== Source information ==
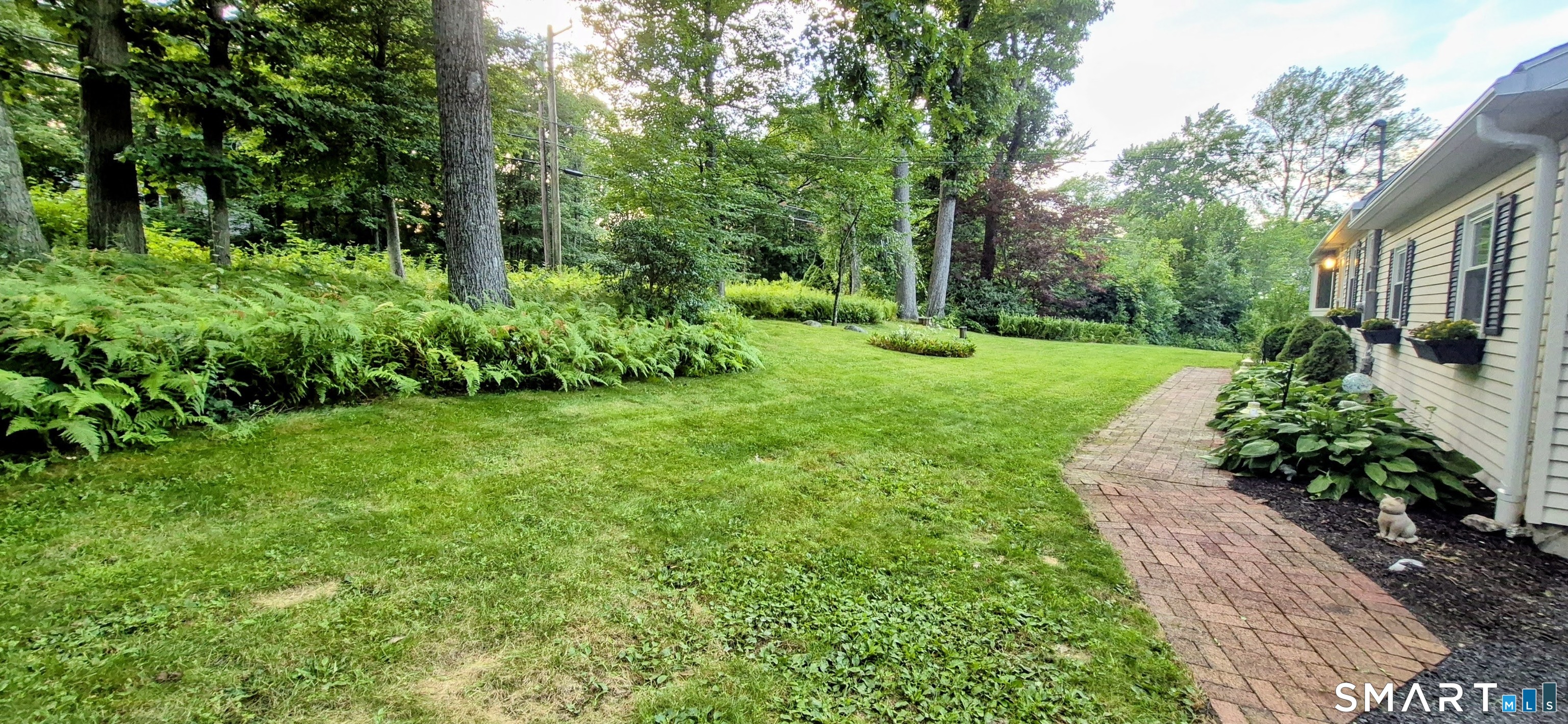 136 Wild Cat Hill Road Harwinton, CT 06791 - Photo 40 of 40 Front walkway and yard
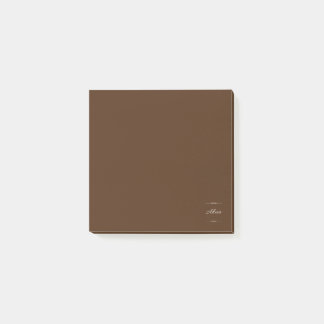 Post-it® Logo original d'Ahua Brown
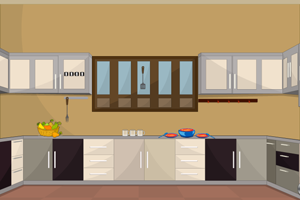 《逃离整洁的厨房》游戏画面1
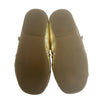 Zara Gold Metallic Ballet Flats - Size 29 (12)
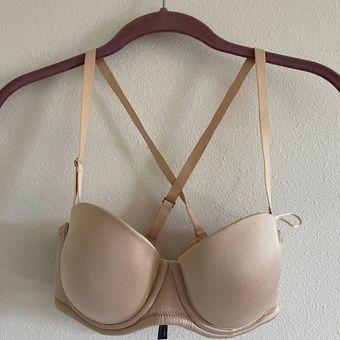 INC international concept women's beige cream bra size 36A - $13
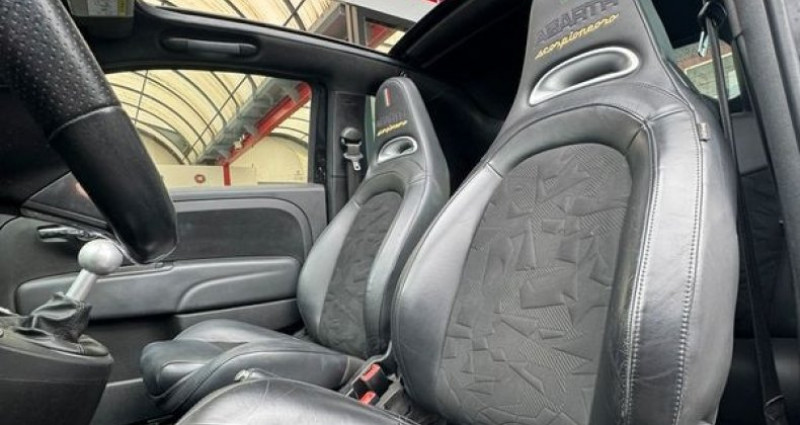 Abarth 500 1.4 Turbo T-Jet 165ch 595 Scorpioneoro  occasion � PEZENAS - photo n�3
===
Prompt:
In your copy, include every record word for word but no pictures.

Answer area:
 136 Wild Cat Hill Road Harwinton, CT 06791 - Photo 40 of 40 Front walkway and yard
 Post-it® Logo original d'Ahua Brown
 《逃离整洁的厨房》游戏画面1
 Zara Gold Metallic Ballet Flats - Size 29 (12)
 INC international concept women's beige cream bra size 36A - $13
 Abarth 500 1.4 Turbo T-Jet 165ch 595 Scorpioneoro  occasion � PEZENAS - photo n�3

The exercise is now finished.